The European Central Bank cut its headline interest rate by 25 basis points to just 0.5% on Thursday, while its president Mario Draghi said the bank had an “open mind” over introducing negative interest rates on deposits and was “technically ready” for them. If enacted this could prompt bank funding to enter the capital market to seek returns rather than resting in loss-making deposits.
A day earlier, the US Federal Reserve said it was willing to up the pace of its third quantitative easing programme and could increase the $85 billion it already spends per month on asset purchases.
These measures follow the aggressive monetary policy easing undertaken by Japan – a move whose impact on Asia was defended yesterday by Japan’s finance minister, Taro Aso, to Emerging Markets.

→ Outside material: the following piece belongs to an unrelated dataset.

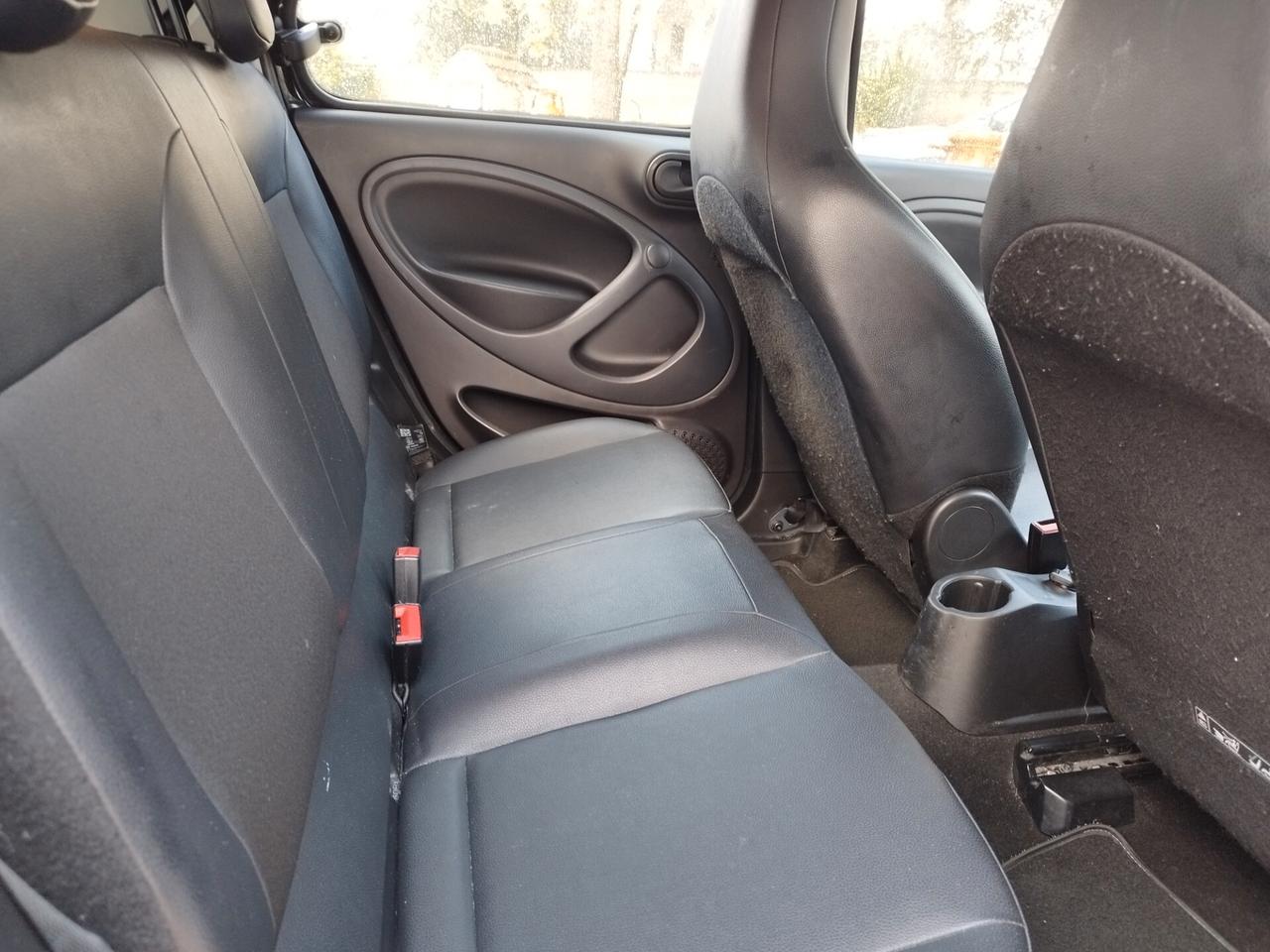 Smart ForFour 70 1.0 Youngster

“Many people do not understand the reality of deflation,” he said. “This is the vital difficulty which we have faced for the last 15 to 20 years and the shrinking of the Japanese economy is not good for other parts of the world.
“We have to expand our economy and [achieving] a certain one per cent or two per cent inflation rate is [essential] not only for Japan but also for our neighbours and the rest of the world.”

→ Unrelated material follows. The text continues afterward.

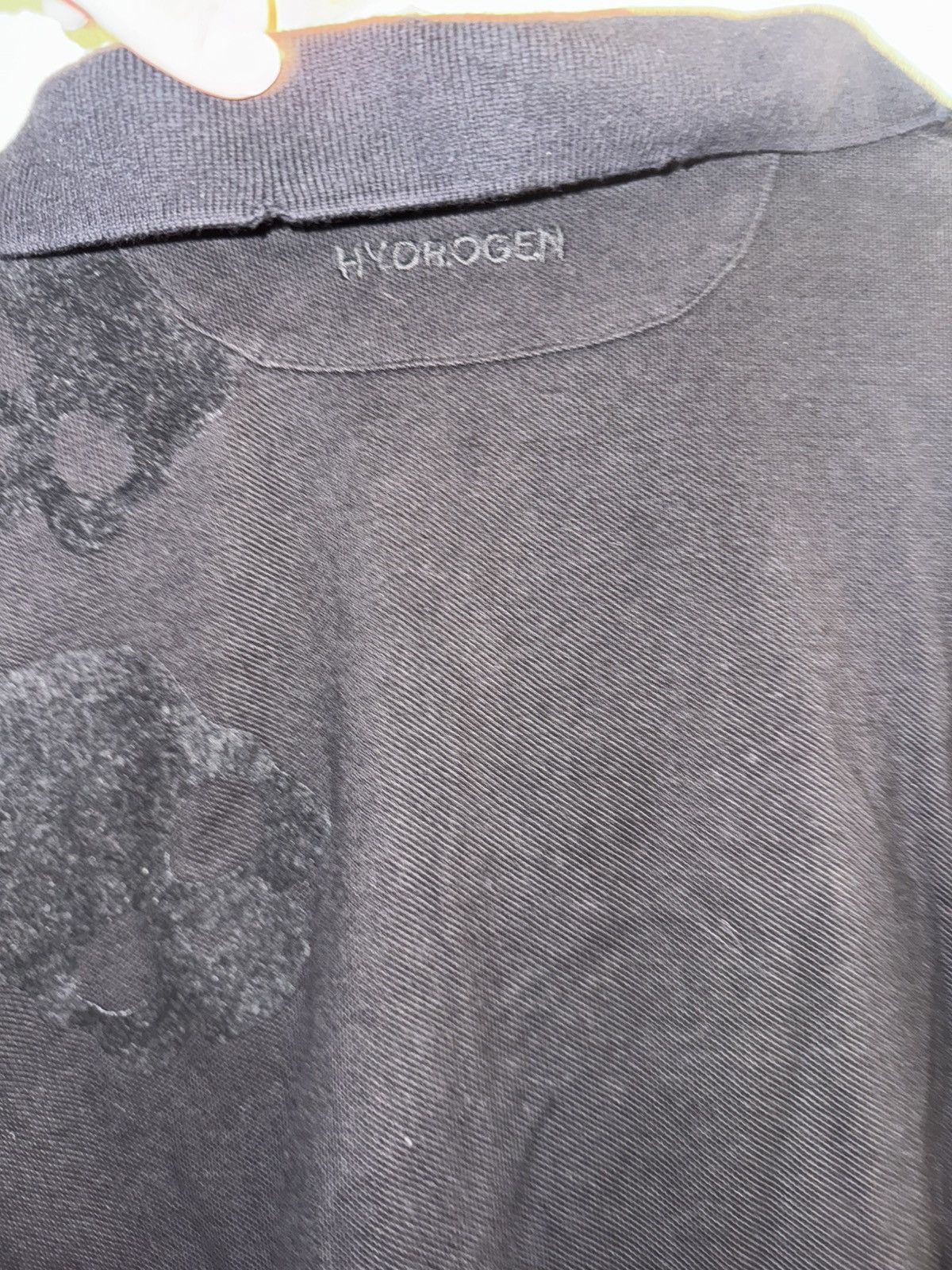 HYDROGEN Hydrogen Skulls Polo Size US L / EU 52-54 / 3 - 5 Thumbnail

But IMF deputy managing director Naoyuki Shinohara told Emerging Markets that developing countries would face challenges from rising capital inflows if they became volatile.
“Monetary easing in advanced econ-omies including Japan tends to encourage the movement of capital to emerging and developing countries,” he said.

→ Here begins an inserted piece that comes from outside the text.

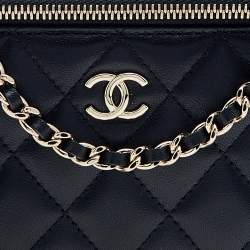 Pre Owned Chanel Black Quilted Leather Small Vanity Case Bag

“Capital inflow into this region itself is a good thing. It is good for growth in the region and it is good for investment. But volatility is the problem.”
Countries receiving capital flows “need to be careful in managing macro-economic policy as well as in taking necessary macro-prudential measures in order to cope with the situation,” said Shinohara, who advised flexible exchange rates to help ameliorate the impact of flows.
Capital flows, and how to address them, have become a central theme of this meeting. The ADB’s own Asian Bonds Monitor sounded a warning in its most recent edition, saying that inflows “might put upward pressure on exchange rates, making exports less competitive. There are also concerns that higher levels of liquidity could lead to excessive credit growth, thus fuelling asset price bubbles in the region.”
Finance ministers of the ASEAN+3 group meeting in Delhi last night expressed concern. “We are well aware that continuing global levels of infusion could potentially induce risk-taking and leverage, credit expansion and asset bubbles,” they said in their communiqué.
Zhu Guangyao, China’s vice-minister of finance, said afterwards that “the real debate is about spillover effects.” China accepted that the first round of quantitative easing was needed to maintain financial stability, but, he suggested, China was not convinced that there was a necessity for subsequent rounds of QE.
Data from Haver Analytics suggests that quarterly net flows into Asian equity and bond funds had been higher in the last two quarters than during the peak of inflows in 2006-7, with well over $20 billion of net flows into equity mutual funds alone in both of those quarters.
Frances Cheung, senior strategist for ex-Japan Asia at Credit Agricole CIB, suggested central banks would discourage inflows into short-end instruments by reducing the return on them, or curbing inflows directly. “More drastic measures risk backfiring and policymakers should learn from past experience.”